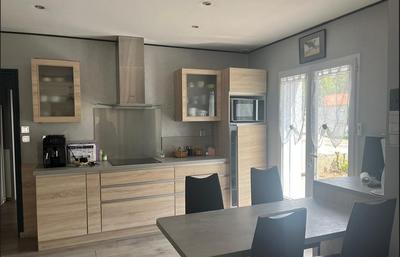 Maison traditionnelle - 81 m² - 4 pièces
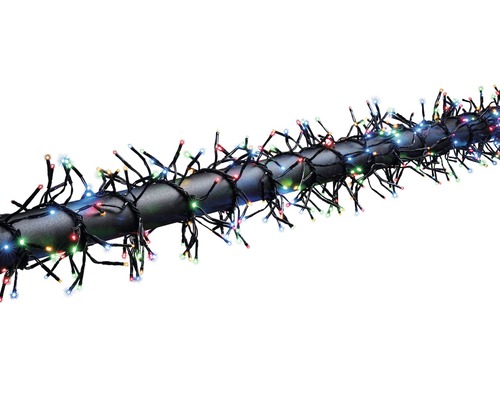 Lichterkette mit bunten Lichtern um einen Draht gewickelt
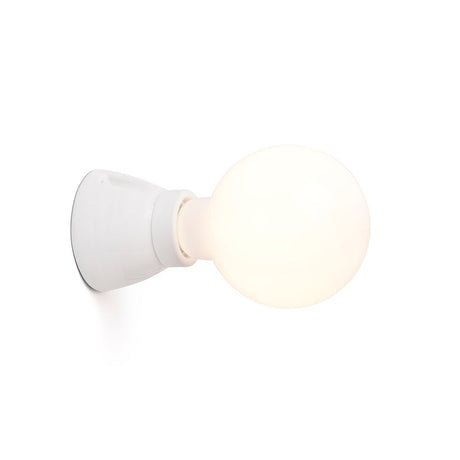 KERA wall light in white with a modern design and round bulb, ideal for atmospheric lighting.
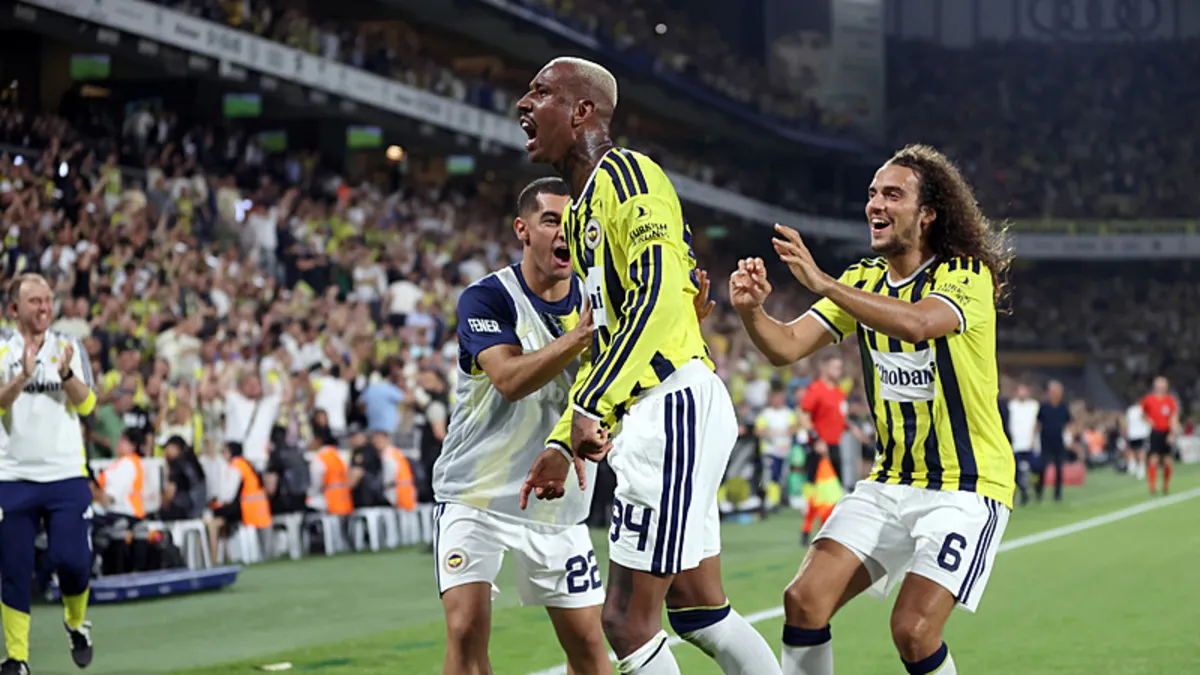 Fenerbahçe yeni sezonun ilk maçını kazandı!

__GOAL OF THE EXERCISE__
No pictures should appear in the copy. Reproduce exactly the lines from the line containing "KERA wall light" through the last line of the data, inclusive.

__EXERCISE OUTPUT__
 KERA wall light in white with a modern design and round bulb, ideal for atmospheric lighting.
 Fenerbahçe yeni sezonun ilk maçını kazandı!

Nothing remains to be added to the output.